> _Task details_:
Write out each line of the listing as it stands, without the images.

##### Data shown #####

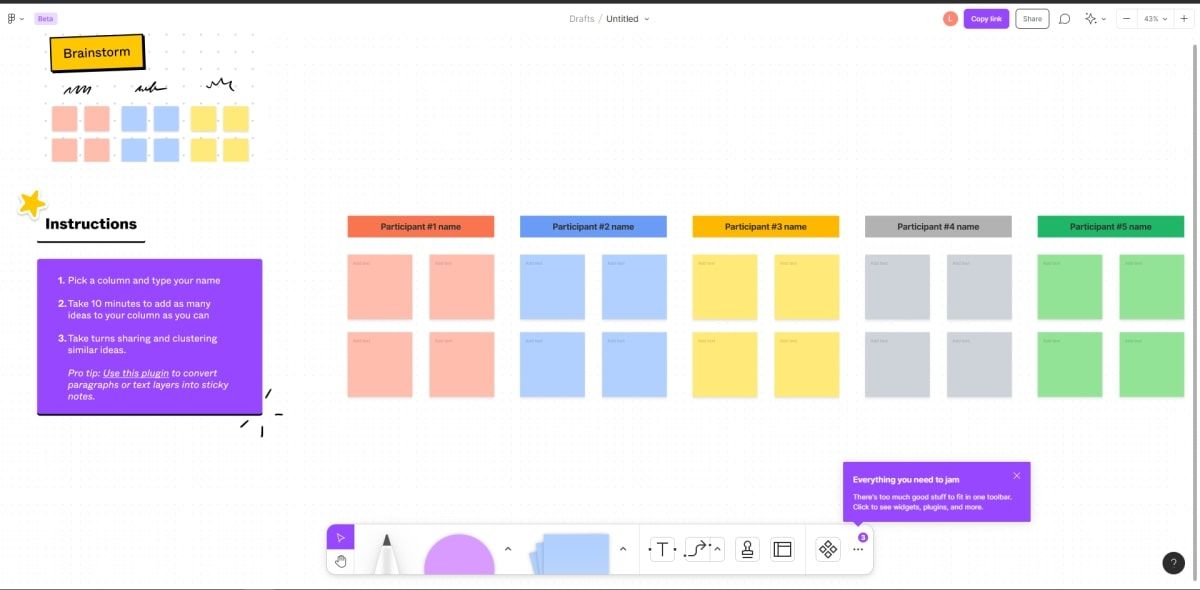 интерфейс FigJam с заметками и стикерами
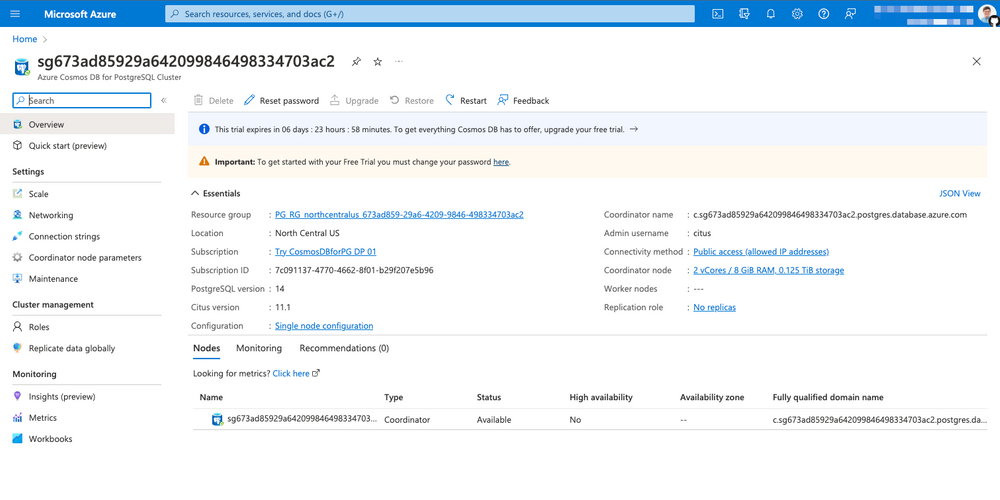 Using Azure Cosmos DB For PostgreSQL & Hasura GraphQL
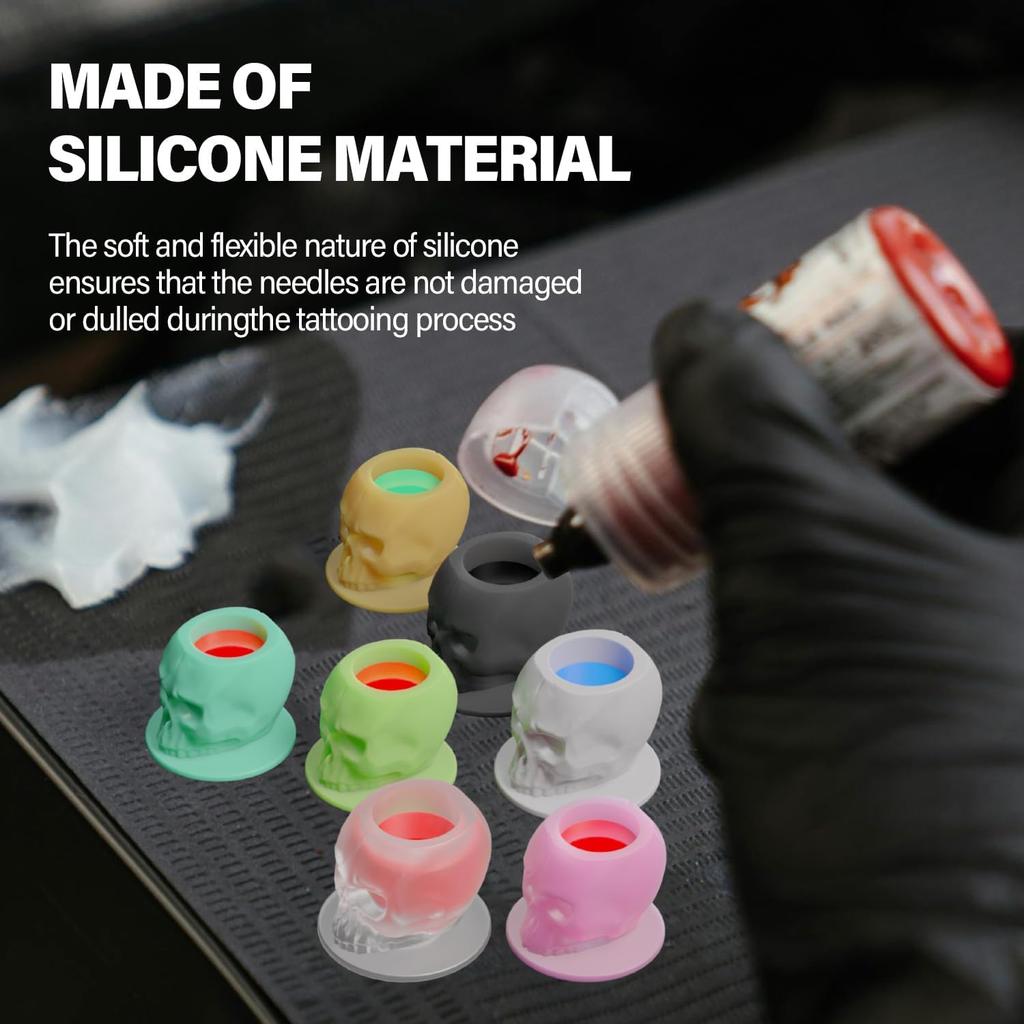 100PCS Tattoo Ink Cup Skull Disposable Silicone Tape Base Plastic Permanent Makeup Tattoo Pigment Cup Tattoo Accessories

#####

> _Expected output_:
 интерфейс FigJam с заметками и стикерами
 Using Azure Cosmos DB For PostgreSQL & Hasura GraphQL
 100PCS Tattoo Ink Cup Skull Disposable Silicone Tape Base Plastic Permanent Makeup Tattoo Pigment Cup Tattoo Accessories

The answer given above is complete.